• [Extracted material]
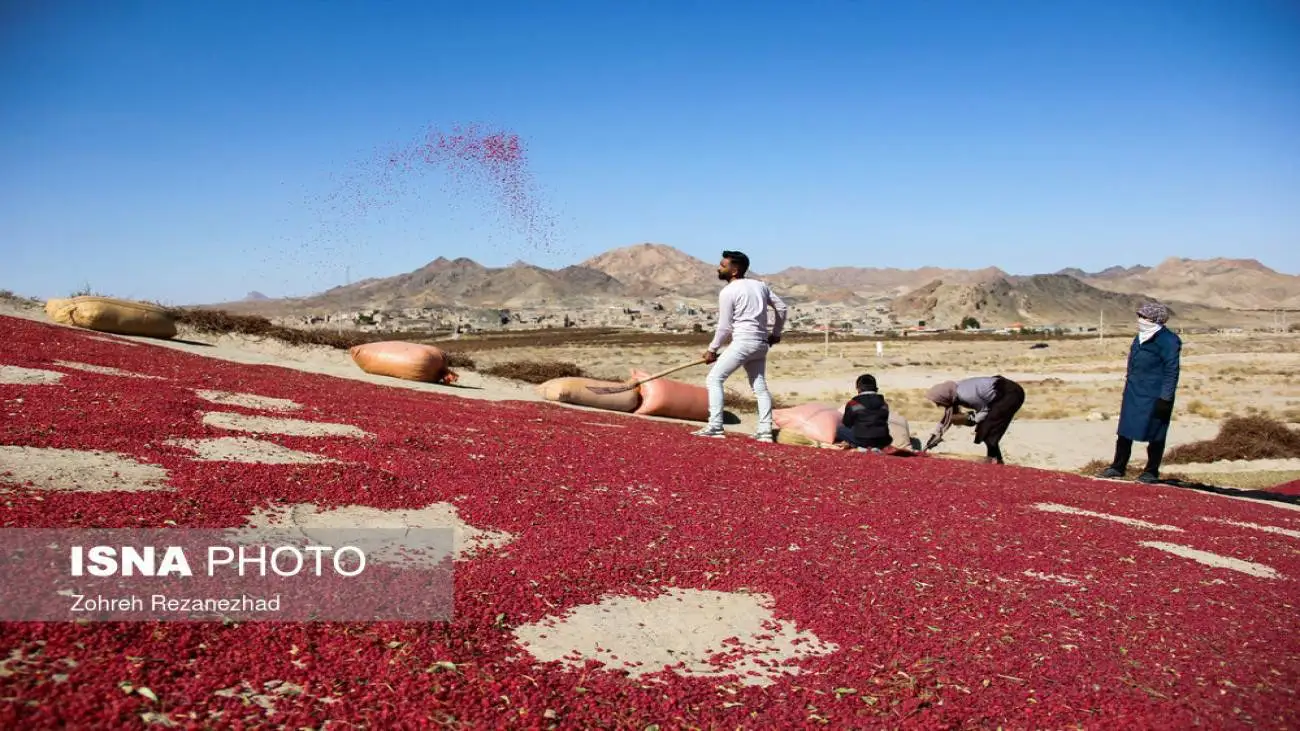 ویدیو  -  بزرگترین باغ زرشک جهان اینجاست!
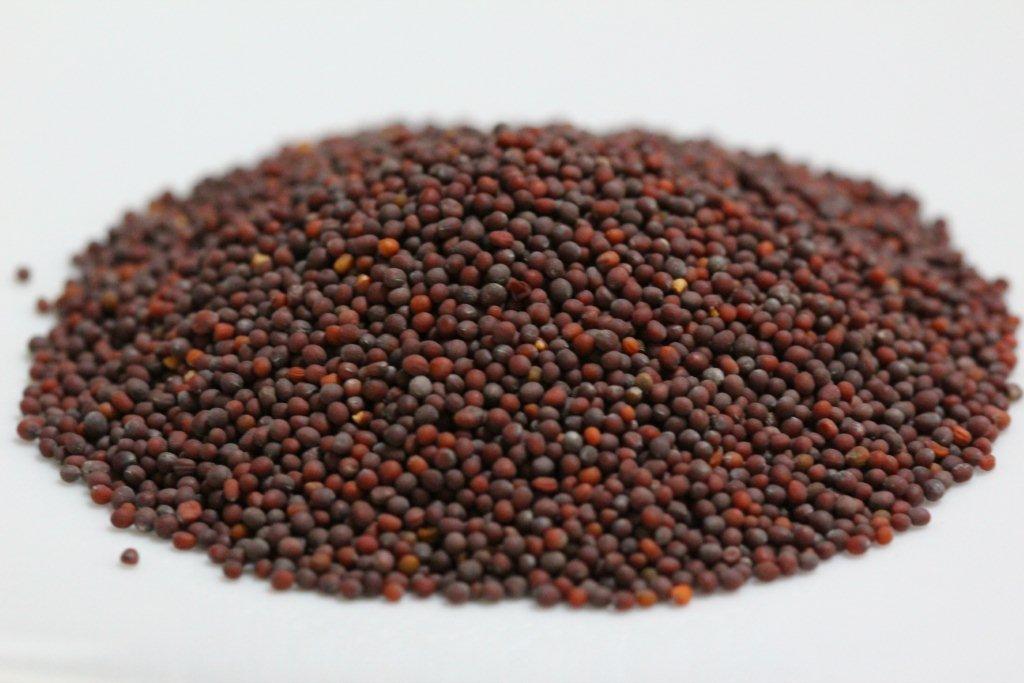 Mustard Seeds Manufacturer Supplier Wholesale Exporter Importer Buyer Trader Retailer in Unjha Gujarat India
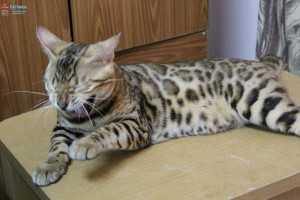 ขายแมวนำเข้า “Cathouse Cattery” หนึ่งในธุรกิจสัตว์เลี้ยงแสนรักกระแสแรงโกยเงิน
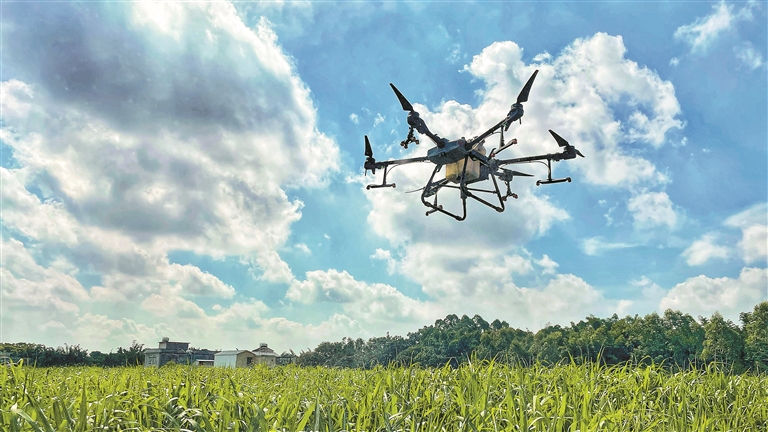 大疆无人机 成田间新宠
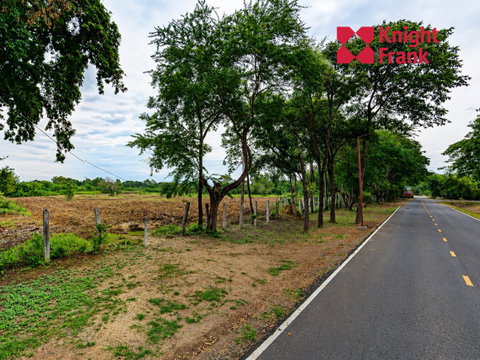 ขายที่ดิน 25 ไร่ ใกล้แม่น้ำมูล อำเภอพิมาย จังหวัดนครราชสีมา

• [Instructions to follow] Copy exactly the lines from the line holding "大疆无人机 成田间新宠" to the final line of the listing, and leave the pictures out.

• [Solution]
 大疆无人机 成田间新宠
 ขายที่ดิน 25 ไร่ ใกล้แม่น้ำมูล อำเภอพิมาย จังหวัดนครราชสีมา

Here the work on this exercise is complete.